Las razones del adiós

«Hace meses que Podemos decidió otorgar la confianza a otro candidato para liderar 2019 y en coherencia con esta situación abandono el escaño y retomo mi actividad profesional como abogada», señaló la ex portavoz como motivo fundamental para entender su dimisión. Se refería con ello a la designación de Errejón como candidato del partido para 2019. En aquellas primarias, el sector anticapitalista, del que forma parte Ruiz-Huerta, no llegó a participar al entender que el proceso sólo respondía a un pacto entre la corriente apadrinada por Pablo Iglesias–liderada por Ramón Espinar, secretario general de la formación en Madrid– y el propio Errejón. «No venía a cuento convocar esas primarias; nadie lo entendió. Pablo Iglesias, que tanto emocionaba, que decía verdades como panes, pero tres años después tenemos un modelo de primarias a la búlgara con una dirección de partido que señalaba qué candidato hay que votar. Eso es un atentado contra los principios y la esencia de Podemos», reconoció. Otra de sus principales críticas se centró en las «actitudes machistas» que siguen, a su juicio, produciéndose en Podemos: «Hay un viejo proverbio que dice que cuando dos elefantes se pelean, quien más sufre es la hierba. En este caso, la hierba somos las mujeres que estamos en política.

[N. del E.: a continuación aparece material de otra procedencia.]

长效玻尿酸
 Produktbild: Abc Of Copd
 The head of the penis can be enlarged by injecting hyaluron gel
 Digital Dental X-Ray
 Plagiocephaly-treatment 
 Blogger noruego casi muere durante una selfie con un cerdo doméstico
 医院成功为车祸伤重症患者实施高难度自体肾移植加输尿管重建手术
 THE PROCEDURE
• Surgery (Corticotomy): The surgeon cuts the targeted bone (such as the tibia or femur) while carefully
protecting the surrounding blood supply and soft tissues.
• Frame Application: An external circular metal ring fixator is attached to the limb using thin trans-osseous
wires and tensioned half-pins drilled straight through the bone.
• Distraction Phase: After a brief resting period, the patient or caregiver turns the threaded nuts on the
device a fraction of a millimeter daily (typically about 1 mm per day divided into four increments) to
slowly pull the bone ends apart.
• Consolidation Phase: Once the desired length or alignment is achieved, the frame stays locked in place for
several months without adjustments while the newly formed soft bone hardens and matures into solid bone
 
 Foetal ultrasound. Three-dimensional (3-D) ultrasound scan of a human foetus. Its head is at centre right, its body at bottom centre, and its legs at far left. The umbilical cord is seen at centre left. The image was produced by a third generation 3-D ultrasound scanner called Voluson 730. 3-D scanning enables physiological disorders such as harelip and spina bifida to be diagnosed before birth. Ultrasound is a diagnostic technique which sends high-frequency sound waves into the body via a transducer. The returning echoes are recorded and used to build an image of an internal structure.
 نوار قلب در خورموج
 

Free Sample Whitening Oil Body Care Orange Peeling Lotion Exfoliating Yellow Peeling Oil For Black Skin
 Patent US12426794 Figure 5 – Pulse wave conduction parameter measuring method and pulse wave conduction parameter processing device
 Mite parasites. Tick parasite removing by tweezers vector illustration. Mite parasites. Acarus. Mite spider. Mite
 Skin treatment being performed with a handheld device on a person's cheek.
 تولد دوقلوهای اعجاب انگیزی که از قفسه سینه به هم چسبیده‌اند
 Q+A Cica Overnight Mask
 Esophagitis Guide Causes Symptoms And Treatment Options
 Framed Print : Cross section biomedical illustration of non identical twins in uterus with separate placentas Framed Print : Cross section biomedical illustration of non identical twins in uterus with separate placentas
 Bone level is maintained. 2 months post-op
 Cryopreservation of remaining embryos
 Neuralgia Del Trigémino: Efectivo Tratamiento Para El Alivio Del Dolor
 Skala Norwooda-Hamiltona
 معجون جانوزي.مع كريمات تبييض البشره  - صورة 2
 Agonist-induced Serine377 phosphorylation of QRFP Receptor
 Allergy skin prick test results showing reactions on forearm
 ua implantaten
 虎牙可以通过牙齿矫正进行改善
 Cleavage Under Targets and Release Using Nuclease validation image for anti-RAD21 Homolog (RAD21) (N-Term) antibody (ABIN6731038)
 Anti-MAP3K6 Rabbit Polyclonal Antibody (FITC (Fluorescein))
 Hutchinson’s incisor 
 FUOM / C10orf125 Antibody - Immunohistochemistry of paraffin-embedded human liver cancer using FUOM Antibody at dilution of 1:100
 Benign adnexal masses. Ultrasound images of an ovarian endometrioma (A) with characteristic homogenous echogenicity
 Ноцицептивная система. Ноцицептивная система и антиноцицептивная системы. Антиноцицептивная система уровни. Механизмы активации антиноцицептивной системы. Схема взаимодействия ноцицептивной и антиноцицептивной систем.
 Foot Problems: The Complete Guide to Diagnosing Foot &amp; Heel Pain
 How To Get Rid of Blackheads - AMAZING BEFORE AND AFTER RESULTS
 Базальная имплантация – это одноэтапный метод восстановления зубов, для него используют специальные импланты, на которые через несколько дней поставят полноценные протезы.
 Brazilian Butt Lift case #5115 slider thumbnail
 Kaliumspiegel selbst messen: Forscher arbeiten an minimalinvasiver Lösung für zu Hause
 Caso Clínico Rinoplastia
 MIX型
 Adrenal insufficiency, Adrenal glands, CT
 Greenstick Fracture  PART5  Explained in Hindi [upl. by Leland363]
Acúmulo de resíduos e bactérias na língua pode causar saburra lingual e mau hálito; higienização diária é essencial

No es casual que las mujeres decidamos abandonar la política institucional plagada de una lucha por el poder, con las tremendas puñaladas por conseguir ese poder».

El riesgo del frente «anticapi»

Al margen de las cuestiones orgánicas, las diferencias entre errejonistas y anticapitalistas conciernen también al programa y las prioridades de ambas faccciones. La «operación Chamartín» aprobada por el Gobierno de Manuela Carmena en el Ayuntamiento de la capital constituye un ejemplo ilustrativo de esta tensión: Errejón ha respaldado públicamente la operación urbanística como la solución que el norte de la ciudad necesitaba mientras los diputados «anticapis» de Podemos –en línea con la postura de algunos ediles del equipo de la alcaldesa– la han calificado como «pelotazo». A falta de ocho meses para las elecciones autonómicas y municipales, el desencuentro con los anticapitalistas amenaza con convertirse en un lastre para Podemos. De momento, este sector no se ha integrado en la lista con la que el partido morado, liderado por Errejón, disputará la Comunidad. En el Ayuntamiento de Madrid, los desencuentros de Carmena con los tres ediles de esta corriente también amenaza su continuidad en este feudo. Unas circunstancias que alimentan el riesgo, desmentido oficialmente, de que concurran con una lista alternativa a la de Podemos.

Clara Serra

Relevo exprés: un perfil feminista y «alineado» con Errejón

La diputada de Podemos en la Asamblea Clara Serra será la nueva portavoz parlamentaria de esta formación. Con el objetivo de cerrar la crisis de forma exprés, el Grupo Parlamentario se reunió en la mañana de ayer y decidió por unanimidad proponer el nombre de Serra. El único trámite que resta para que su nombramiento sea oficial es que sea ratificado por la dirección regional que lidera Ramón Espinar. Desde el partido en Madrid ponen el acento en que Serra es la «opción más sensata» porque está «más alineada» con el proyecto de Errejón para 2019 y tiene un «claro perfil feminista». Esta madrileña de 32 años estudió Filosofía en la Universidad Complutense Allí participó en el movimiento estudiantil por la defensa de la universidad pública. Tras licenciarse, estudiar dos másters y varios trabajos precarios, Serra comenzó a dar clases como profesora de Filosofía de secundaria y bachillerato, un trabajo que ha desempeñado durante los últimos seis años. Su vinculación con Podemos arranca desde el momento de su fundación, primero en el Área Estatal de Mujer e Igualdad y ahora también en la Asamblea de Madrid como diputada. En las primarias que confirmaron a Errejón como candidato logró un gran resultado y fue elegida por los inscritos de Madrid como la número dos de la candidatura, por delante de Tania Sánchez.